We studied the expression of CCKAR mRNA and protein in resected stages II and III GBC tissues. In our recruited GBC patients, none were of stage I, as such cases are usually detected incidentally during cholecystectomy performed for benign diseases. Additional stagewise studies are required along with dysplasia samples to establish its role in gallbladder carcinogenesis. Also, investigation of age dependent change of CCKAR expression needs to be explored in much larger samples along with multivariable analysis and may be the area of future research.

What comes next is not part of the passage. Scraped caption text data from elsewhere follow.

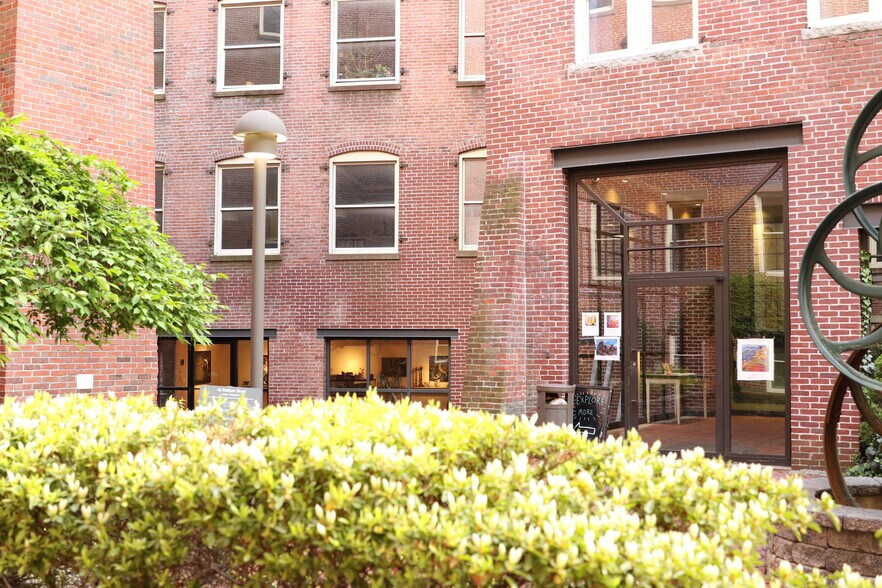 More Photos Of 46 Waltham St, Boston Office For Lease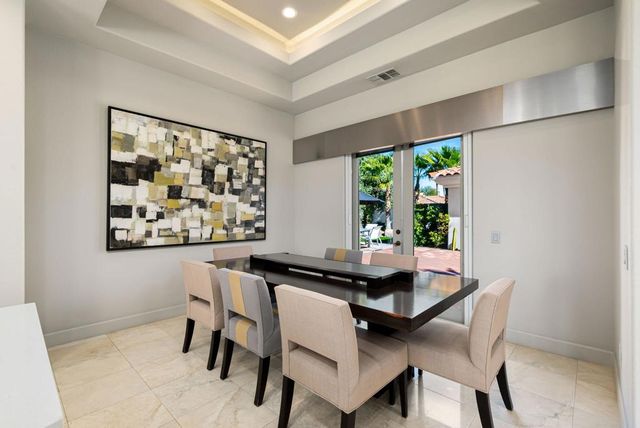 196 Loch Lomond Road, Rancho Mirage, CA 92270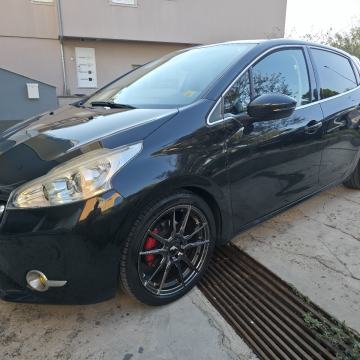 Peugeot 208 1,6 VTi 88kw Super Stanje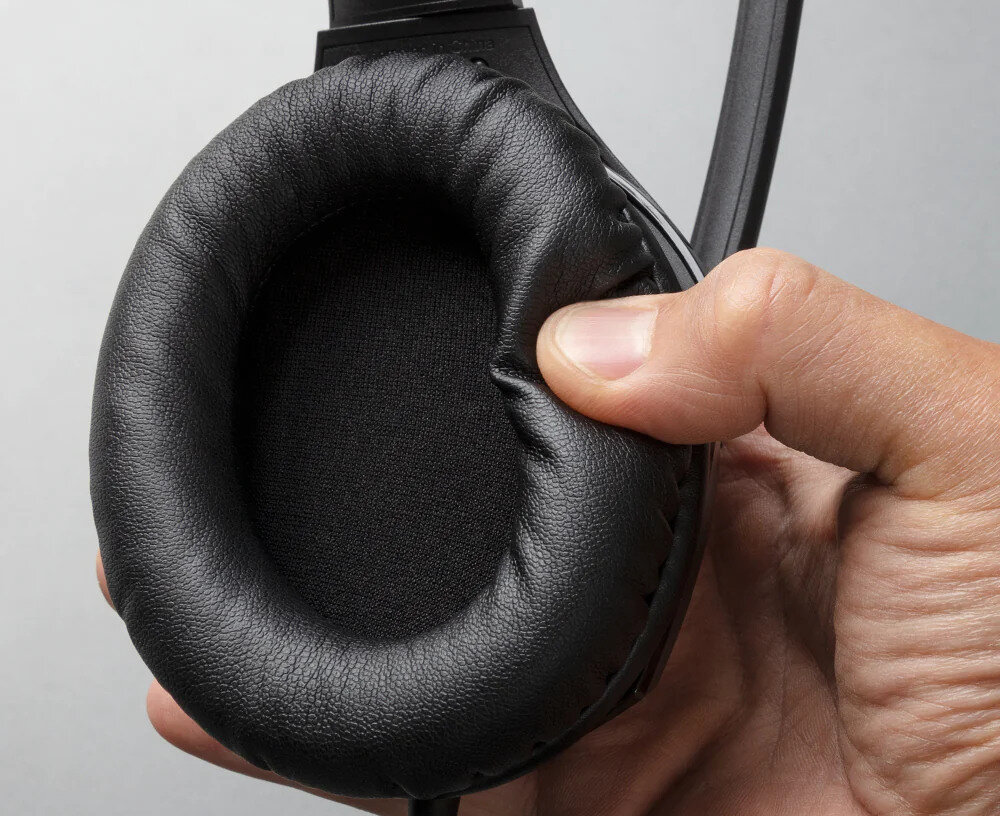 Słuchawki HYPERX Cloud Stinger S gra gaming przewodowość waga komfort poduszki nauszniki dopasowanie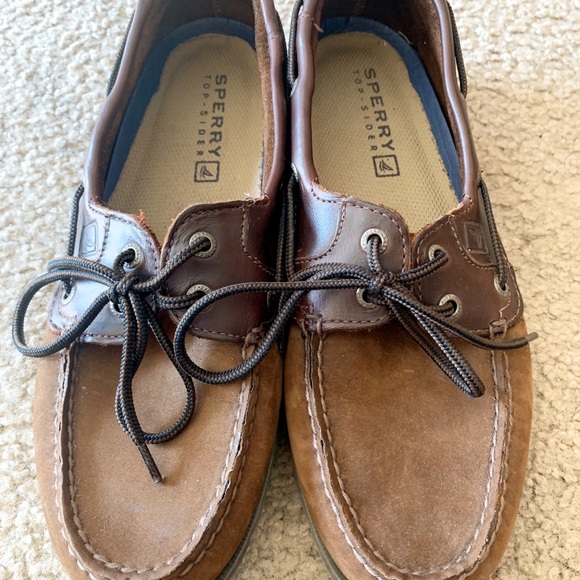 sperry leeward 2 eye brown buck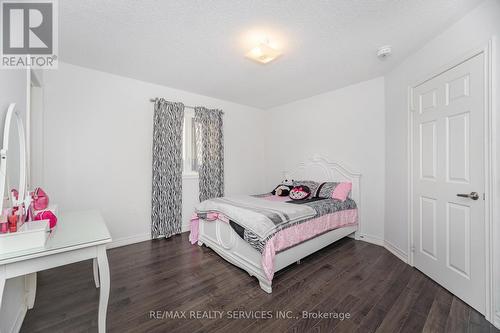 52 Blackberry Valley Crescent, Caledon, ON - Indoor Photo Showing Bedroom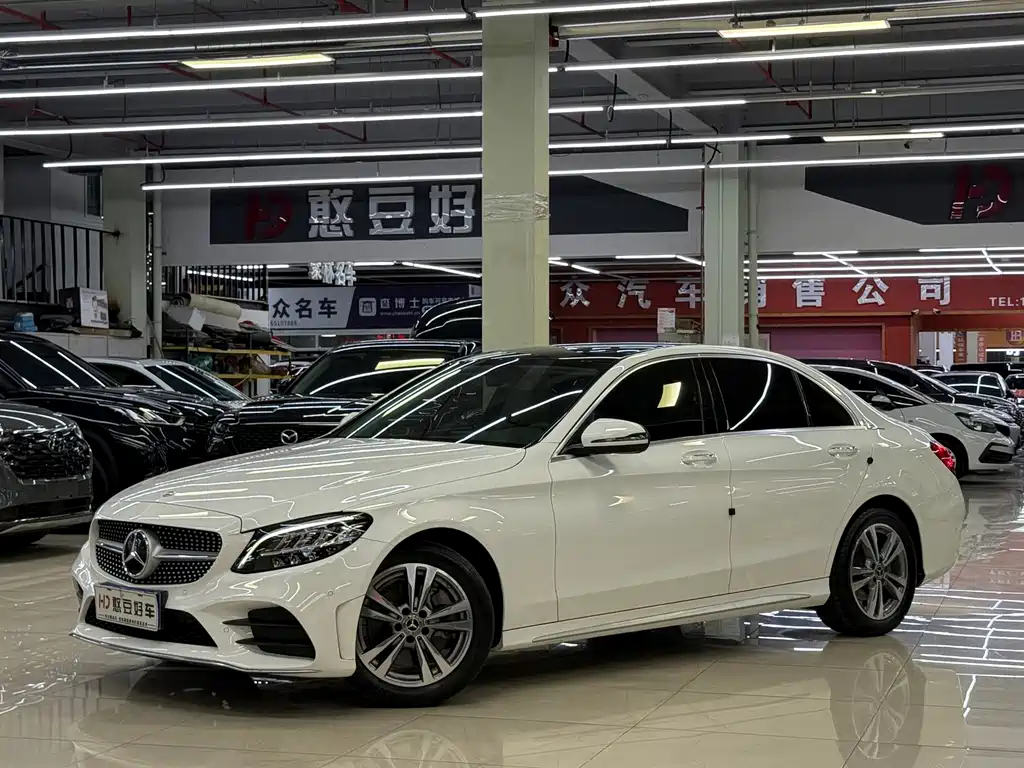 Mercedes-Benz C-Class 2021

Due to overexpression in many primary human cancers, peptides and peptide receptors remain an interesting candidate for treating cancers through receptor targeting approach [36]. Large body of data exists concerningseveral peptide and nonpeptidyl CCKAR modulators, and clinical potentials of these agents are under trial [37]. Our study defines two possible variants of GBC in this endemic belt. It also forms the basis for developing newer therapeutic options based on the CCKAR active drugs to obtain better outcomes following surgery in these variants.

5. Conclusions

We conclude that younger patients of gallbladder malignancy with higher expression of CCKAR have more aggressive disease and short survival as compared with elder ones. This differential expression of CCKAR reflects two subsets of GBC in North Indian population which needs to be evaluated further using larger sample size.

Disclosure

A part of this paper was presented in the 10th Annual Conference of Indian Chapter of International Hepato-Pancreato-Biliary Association (IHPBA), February 15–17, 2013, Coimbatore, India.

Conflict of Interests

The authors declare that they have no conflict of interests regarding the publication of this paper.

Acknowledgments

The present work was supported by the Council of Science and Technology, Lucknow, Uttar Pradesh, India (Grant no. CST/SERPD/D-3429), and the Indian Council of Medical Research, New Delhi, India (Grant no. 3/2/2/60/2011/NCD-III).